**** GIVEN ENTRIES ****

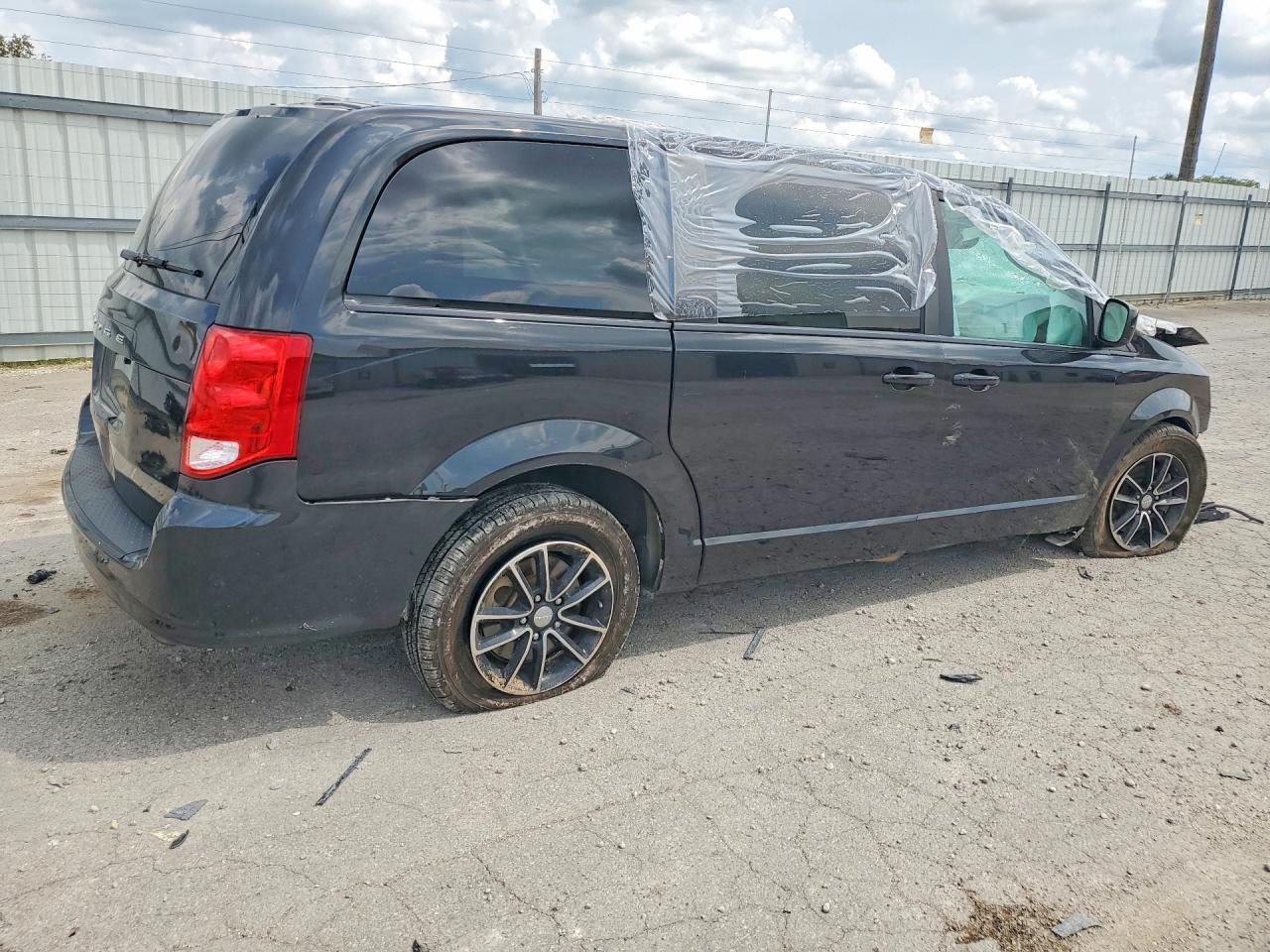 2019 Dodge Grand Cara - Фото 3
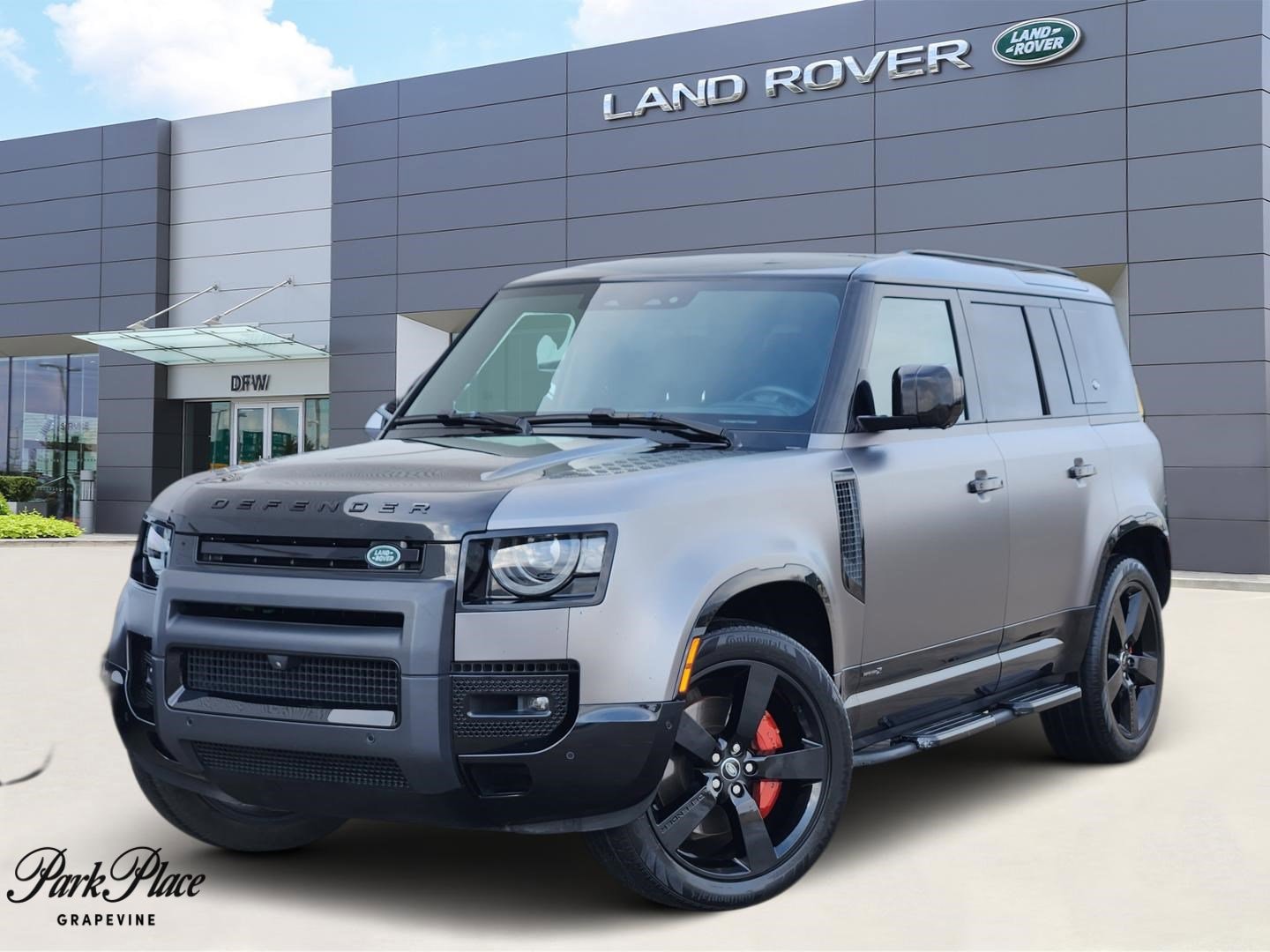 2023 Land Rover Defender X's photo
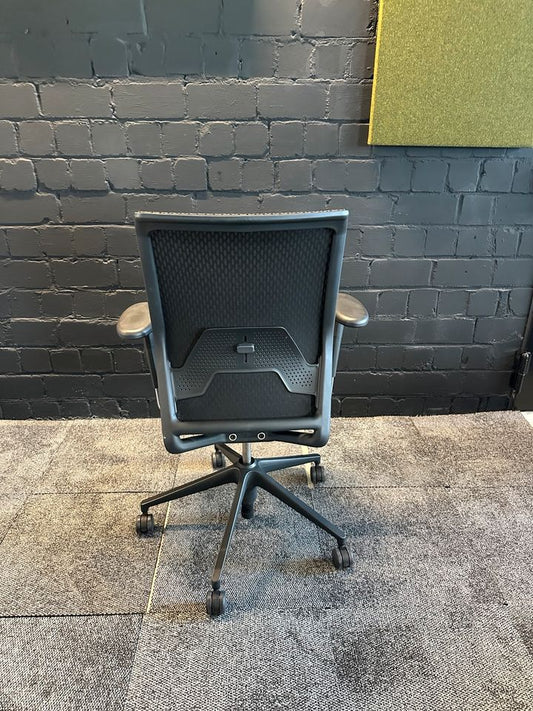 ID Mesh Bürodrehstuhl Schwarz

****
**** GIVEN ENTRIES ****

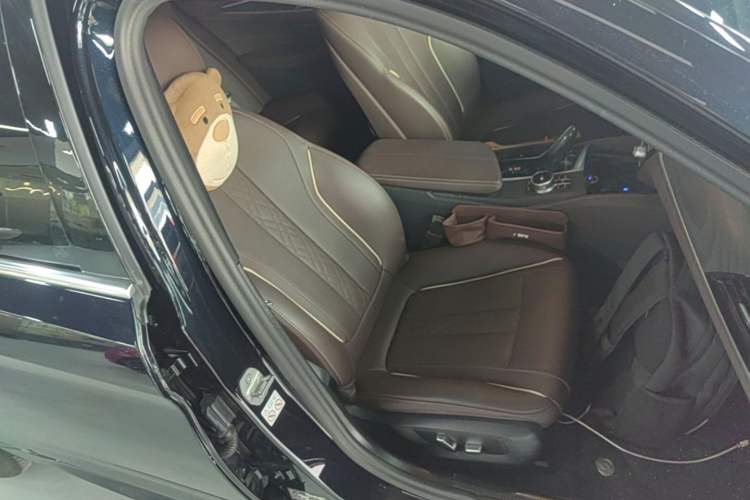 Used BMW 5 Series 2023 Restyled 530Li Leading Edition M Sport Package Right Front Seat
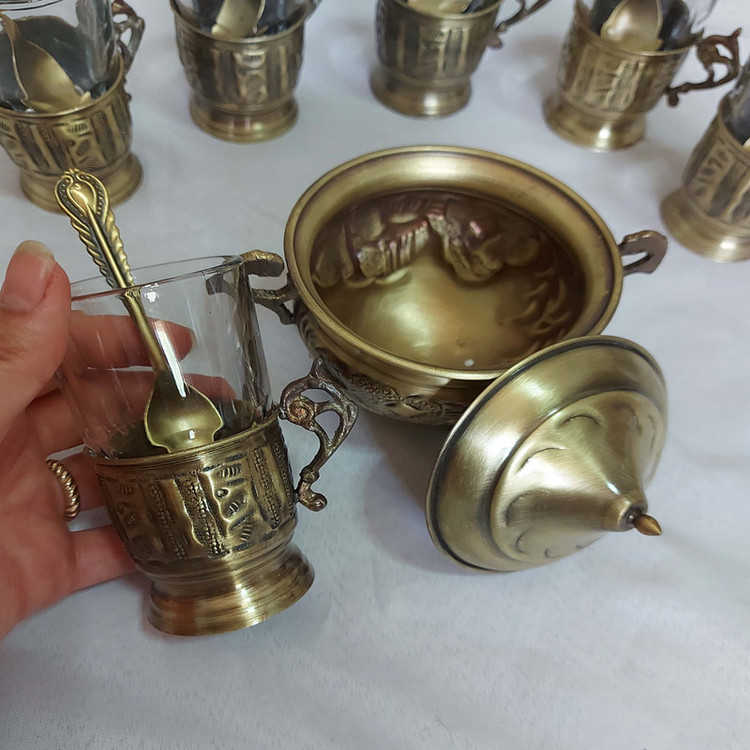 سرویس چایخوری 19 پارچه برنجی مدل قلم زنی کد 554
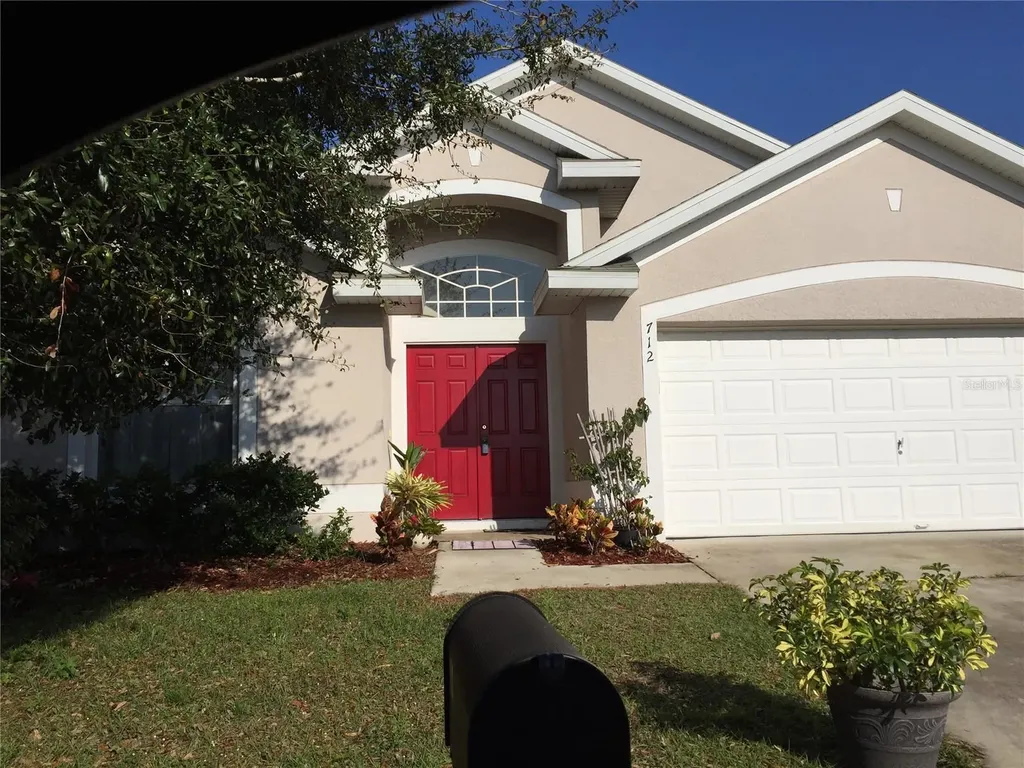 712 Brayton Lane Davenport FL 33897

****
**** GIVEN ENTRIES ****

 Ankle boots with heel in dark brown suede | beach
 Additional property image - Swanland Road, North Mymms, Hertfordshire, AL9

****

WORK ORDER >> Extract, without any images, the part of the material above that opens with the line containing "سرویس چایخوری 19" and closes with the line containing "712 Brayton Lane Davenport FL 33897", both lines included.

PROBLEM SOLUTION >>
 سرویس چایخوری 19 پارچه برنجی مدل قلم زنی کد 554
 712 Brayton Lane Davenport FL 33897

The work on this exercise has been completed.